[Provided records — start]

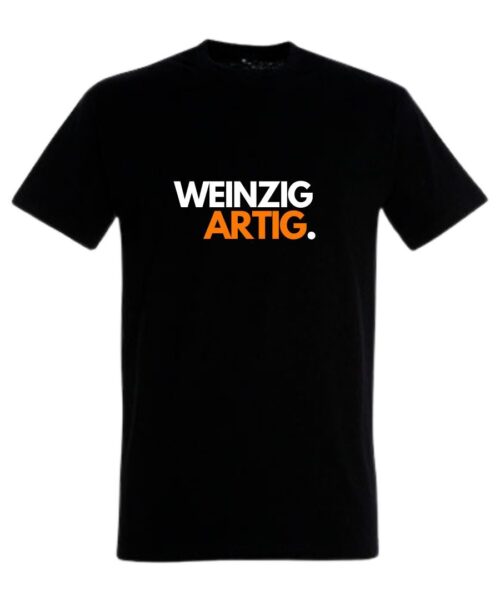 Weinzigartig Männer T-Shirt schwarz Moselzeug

[Provided records — finish]
[Provided records — start]

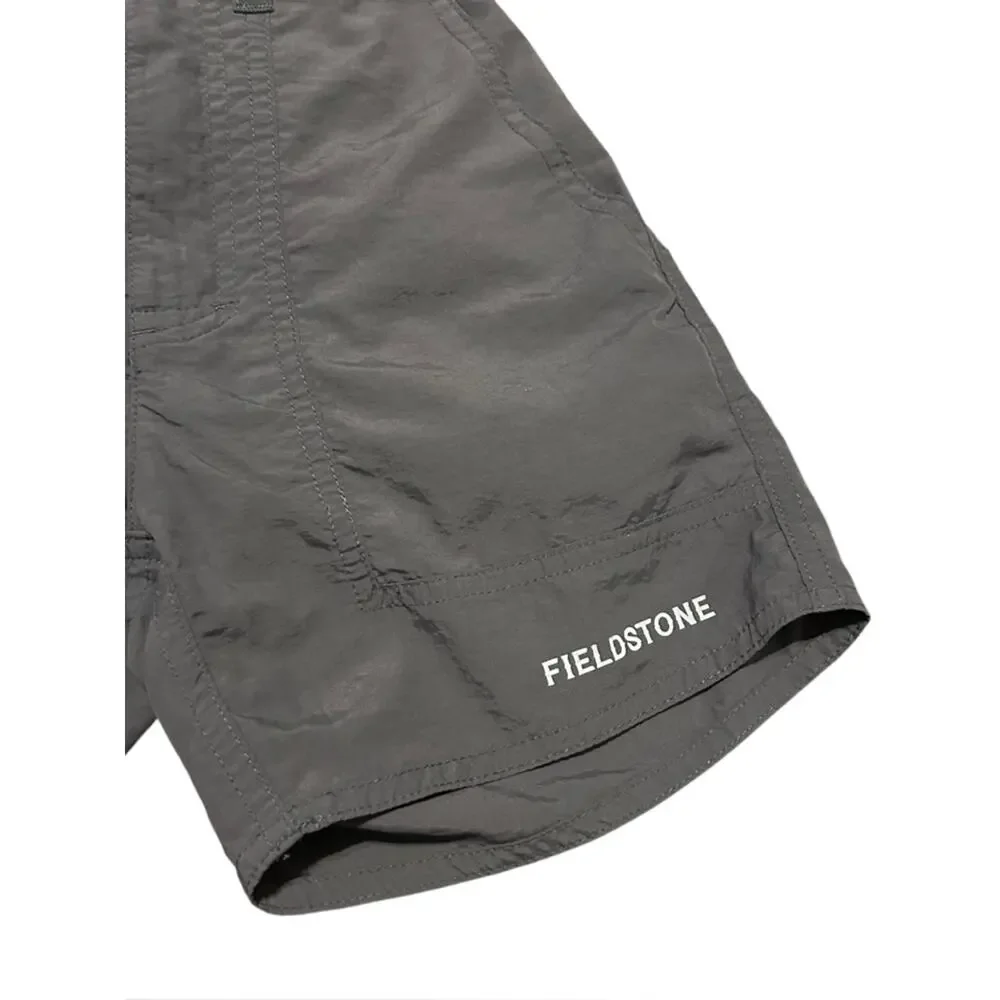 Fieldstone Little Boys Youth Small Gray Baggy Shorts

[Provided records — finish]
[Provided records — start]

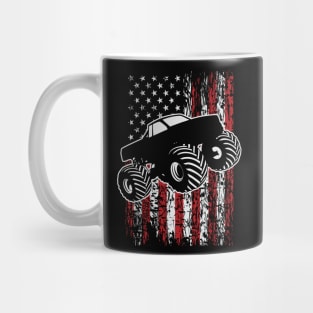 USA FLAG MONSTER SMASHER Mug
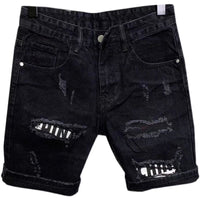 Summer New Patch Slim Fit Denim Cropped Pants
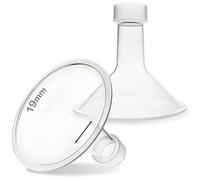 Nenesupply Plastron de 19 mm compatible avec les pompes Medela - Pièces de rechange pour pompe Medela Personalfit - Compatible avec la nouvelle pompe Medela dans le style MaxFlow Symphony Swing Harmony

[Provided records — finish]

## Exercise objective
Each line from the one that contains "Summer New Patch" down to the one that contains "Nenesupply Plastron de" is to be returned exactly as it stands above, both ends included, with pictures removed.

## Exercise output
 Summer New Patch Slim Fit Denim Cropped Pants
 Nenesupply Plastron de 19 mm compatible avec les pompes Medela - Pièces de rechange pour pompe Medela Personalfit - Compatible avec la nouvelle pompe Medela dans le style MaxFlow Symphony Swing Harmony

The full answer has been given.